Nato a Messina nel 1561, entra nell'Ordine dei Gesuiti nel 1580 dove studia architettura e ingegneria idraulica, perfezionandosi a Roma. Nominato architetto ufficiale della Provincia gesuitica in Sicilia, gli vengono affidati i lavori per le modifiche dei collegi di Mineo presso Catania e di Caltanissetta. Ancora, a Trapani, progetta la splendida chiesa del Collegio gesuitico. A Palermo, nel 1603, opera sostanziali trasformazioni nella chiesa del Gesù o Casa Professa che era stata costruita nel 1564 e nella sua città, Messina, dal 1604 al 1608 innalza il magnifico Collegio del suo Ordine con annessa chiesa dedicata a San Giovanni Battista. A Messina, nel 1611, redige il progetto di collegamento dell'acquedotto di Camaro con le sorgive del fiume Bordonaro. Alla fine di quell'anno, però, un violento contrasto con il Padre provinciale porta in breve alla sua espulsione dall'Ordine, nel 1616, con l'obbligo di risiedere a Messina. Dove morirà in un torrido giorno d'agosto del 1619, con la sola soddisfazione di aver potuto vedere inaugurato il suo acquedotto, il sabato Santo del 1617, ed aver gettato la prima pietra del monumentale Monte di Pietà, ancora oggi onore e vanto della sua Messina.

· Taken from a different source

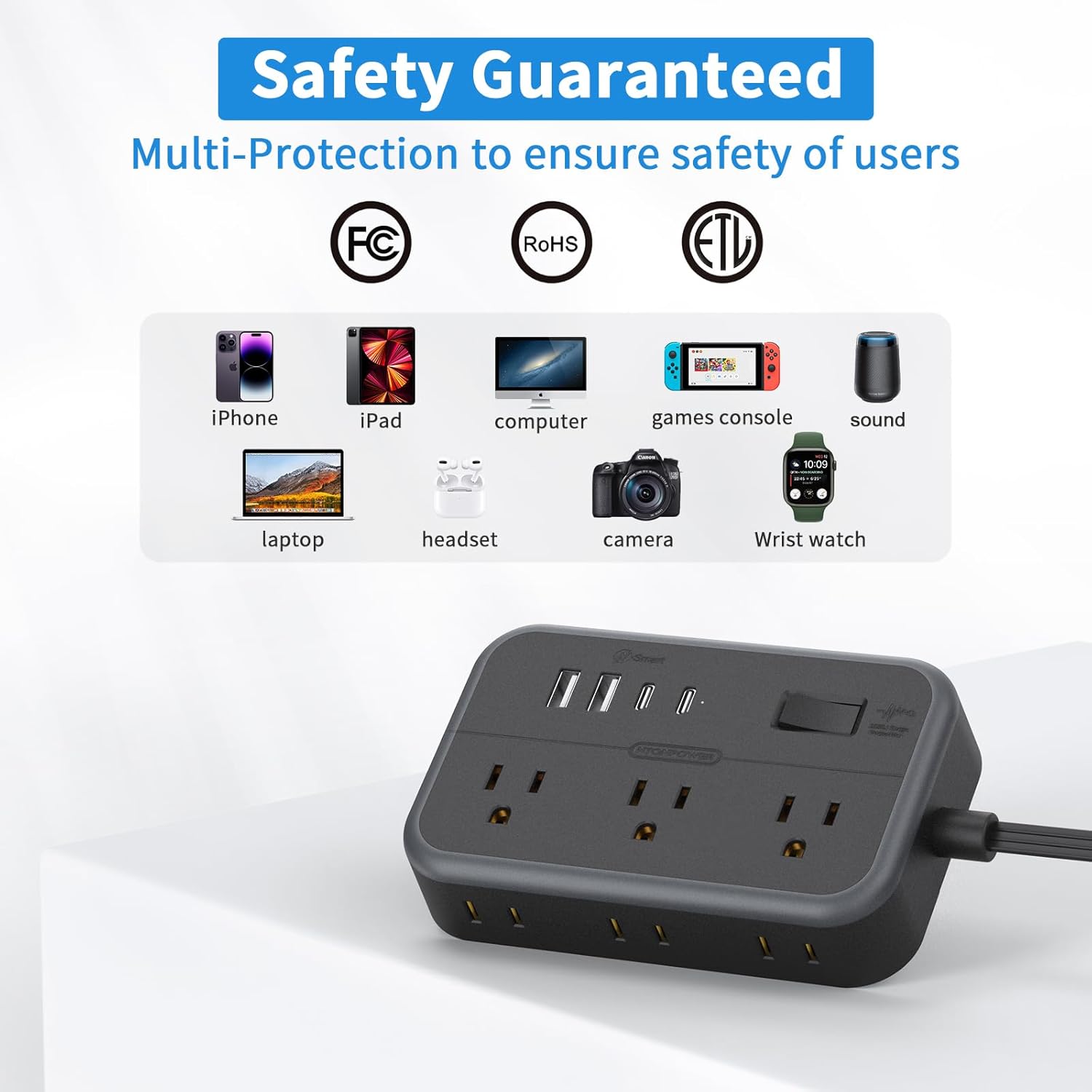 NTONPOWER – Cable de extensión largo 10 en 1 de 25 pies con 4 puertos USB (incluye 2 USB C) cable de extensión con múltiples tomas de corriente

L’attività di assistenza e conforto ai condannati a morte della Nobile Arciconfraternita degli Azzurri che fece realizzare il Monte di Pietà, viene messa in pratica per la prima volta il 18 settembre 1542 nei confronti di un condannato alla forca.
Nel 1541 fra’ Egidio Romano dell’Ordine degli Agostiniani Eremitani, durante il Quaresimale nel Duomo di Messina, conduceva una fervente e appassionata predica rivolta in massima parte ai cittadini di ceto nobile presenti, esortandoli a costituire una Confraternita che si occupasse di confortare, accompagnare ed assistere fino alla fine i condannati alla pena capitale, perché non fossero dileggiati dalla plebe durante il percorso al patibolo. Le infuocate parole del predicatore ottennero l’effetto voluto, e, il 10 marzo 1545, la Confraternita iniziò ufficialmente la sua attività, eleggendo a protettrice del pio sodalizio la Madonna Addolorata, intesa popolarmente della Pietà e scegliendo per abito il sacco di colore azzurro, sia perché sottolineasse la mestizia e severità del castigo e sia perché indicasse ai giustiziati la speranza di poter salire al Cielo, dopo sincero pentimento, ciò che fornì il nome di “Azzurri” ai componenti dell’istituzione. Nel 1581 l’Arciconfraternita, poi, fece costruire un primo Monte di Pietà per aiutare i bisognosi esercitando il credito su pegno con un basso tasso d’interesse cui seguirà, a partire dal 1616, l’edificazione del secondo che è quello attuale.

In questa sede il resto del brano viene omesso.